ASSIGNMENT: Nothing but the lines below between the line holding "Crewneck Soft Tee" and the line holding "High-Neck Long-Sleeved Finely Knit Pullover", inclusive, should appear in the answer, each set down exactly.

++++ RECORDS PROVIDED

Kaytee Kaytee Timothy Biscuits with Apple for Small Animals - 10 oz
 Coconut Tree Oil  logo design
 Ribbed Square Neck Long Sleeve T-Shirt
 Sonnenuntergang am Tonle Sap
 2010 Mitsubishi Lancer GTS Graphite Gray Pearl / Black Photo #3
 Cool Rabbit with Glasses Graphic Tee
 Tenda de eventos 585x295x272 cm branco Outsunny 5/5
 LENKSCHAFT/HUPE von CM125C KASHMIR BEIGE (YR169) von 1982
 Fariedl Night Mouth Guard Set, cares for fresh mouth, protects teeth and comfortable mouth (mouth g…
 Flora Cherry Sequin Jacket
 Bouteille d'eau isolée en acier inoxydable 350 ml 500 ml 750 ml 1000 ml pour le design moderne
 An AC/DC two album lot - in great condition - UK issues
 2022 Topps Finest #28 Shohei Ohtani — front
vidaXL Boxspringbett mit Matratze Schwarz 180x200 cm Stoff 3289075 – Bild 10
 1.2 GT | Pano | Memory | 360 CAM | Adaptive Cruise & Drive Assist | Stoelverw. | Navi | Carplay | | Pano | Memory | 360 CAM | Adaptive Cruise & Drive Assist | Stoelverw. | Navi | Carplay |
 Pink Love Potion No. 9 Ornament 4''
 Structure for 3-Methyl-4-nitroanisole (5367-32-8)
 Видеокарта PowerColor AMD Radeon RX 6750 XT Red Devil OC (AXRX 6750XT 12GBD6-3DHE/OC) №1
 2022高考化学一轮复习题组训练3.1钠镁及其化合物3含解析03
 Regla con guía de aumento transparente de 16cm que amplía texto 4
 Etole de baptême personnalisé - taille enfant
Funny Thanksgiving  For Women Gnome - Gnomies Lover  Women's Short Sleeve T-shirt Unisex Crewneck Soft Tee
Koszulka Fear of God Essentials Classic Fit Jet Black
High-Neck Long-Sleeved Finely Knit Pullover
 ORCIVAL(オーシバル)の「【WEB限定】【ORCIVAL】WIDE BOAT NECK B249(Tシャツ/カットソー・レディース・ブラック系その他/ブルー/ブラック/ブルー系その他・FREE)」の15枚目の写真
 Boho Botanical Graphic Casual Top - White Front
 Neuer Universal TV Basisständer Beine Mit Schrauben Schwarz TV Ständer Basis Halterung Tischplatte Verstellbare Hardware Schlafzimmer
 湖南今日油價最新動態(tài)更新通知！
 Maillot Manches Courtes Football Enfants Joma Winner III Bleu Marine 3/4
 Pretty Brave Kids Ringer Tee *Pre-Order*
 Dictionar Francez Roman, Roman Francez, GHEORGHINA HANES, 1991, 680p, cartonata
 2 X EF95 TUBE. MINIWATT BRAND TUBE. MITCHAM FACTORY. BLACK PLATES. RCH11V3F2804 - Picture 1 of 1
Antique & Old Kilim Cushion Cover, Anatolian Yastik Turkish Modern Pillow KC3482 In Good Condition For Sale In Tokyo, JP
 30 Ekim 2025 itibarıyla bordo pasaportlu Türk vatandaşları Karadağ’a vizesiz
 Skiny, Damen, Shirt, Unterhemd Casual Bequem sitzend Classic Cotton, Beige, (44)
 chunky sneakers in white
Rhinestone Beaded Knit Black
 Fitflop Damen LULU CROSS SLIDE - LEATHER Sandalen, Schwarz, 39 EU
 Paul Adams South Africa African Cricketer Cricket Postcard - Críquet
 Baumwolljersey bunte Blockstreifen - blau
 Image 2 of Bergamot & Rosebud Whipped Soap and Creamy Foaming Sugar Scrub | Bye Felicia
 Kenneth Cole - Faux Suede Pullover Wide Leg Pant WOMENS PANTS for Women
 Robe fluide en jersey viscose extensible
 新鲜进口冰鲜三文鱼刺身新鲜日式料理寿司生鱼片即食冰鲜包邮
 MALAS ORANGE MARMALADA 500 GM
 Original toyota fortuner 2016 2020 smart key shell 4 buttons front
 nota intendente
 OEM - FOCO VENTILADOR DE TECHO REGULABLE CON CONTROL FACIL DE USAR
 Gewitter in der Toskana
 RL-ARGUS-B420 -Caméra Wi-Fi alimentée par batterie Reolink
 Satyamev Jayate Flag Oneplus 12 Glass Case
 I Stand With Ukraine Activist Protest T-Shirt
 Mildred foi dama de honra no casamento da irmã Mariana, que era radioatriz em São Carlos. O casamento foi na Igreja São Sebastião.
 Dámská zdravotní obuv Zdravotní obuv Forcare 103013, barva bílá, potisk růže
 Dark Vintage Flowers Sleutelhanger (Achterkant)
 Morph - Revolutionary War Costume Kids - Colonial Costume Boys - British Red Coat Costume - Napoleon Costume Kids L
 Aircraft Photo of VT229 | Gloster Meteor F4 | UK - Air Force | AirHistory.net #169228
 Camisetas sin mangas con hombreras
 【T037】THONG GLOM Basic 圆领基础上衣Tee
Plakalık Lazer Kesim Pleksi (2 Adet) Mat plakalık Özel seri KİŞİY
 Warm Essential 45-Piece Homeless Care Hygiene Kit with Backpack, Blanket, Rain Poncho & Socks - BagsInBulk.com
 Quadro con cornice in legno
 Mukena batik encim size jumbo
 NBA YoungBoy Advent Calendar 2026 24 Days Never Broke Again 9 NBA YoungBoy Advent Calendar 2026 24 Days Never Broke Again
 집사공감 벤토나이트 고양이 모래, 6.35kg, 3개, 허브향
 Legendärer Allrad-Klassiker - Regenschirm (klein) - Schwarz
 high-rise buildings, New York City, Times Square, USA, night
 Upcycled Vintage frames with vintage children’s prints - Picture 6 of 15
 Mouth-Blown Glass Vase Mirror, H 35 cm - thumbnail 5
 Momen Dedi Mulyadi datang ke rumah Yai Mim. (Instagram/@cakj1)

++++++++

SOLUTION FOR THIS TASK:
Funny Thanksgiving  For Women Gnome - Gnomies Lover  Women's Short Sleeve T-shirt Unisex Crewneck Soft Tee
Koszulka Fear of God Essentials Classic Fit Jet Black
High-Neck Long-Sleeved Finely Knit Pullover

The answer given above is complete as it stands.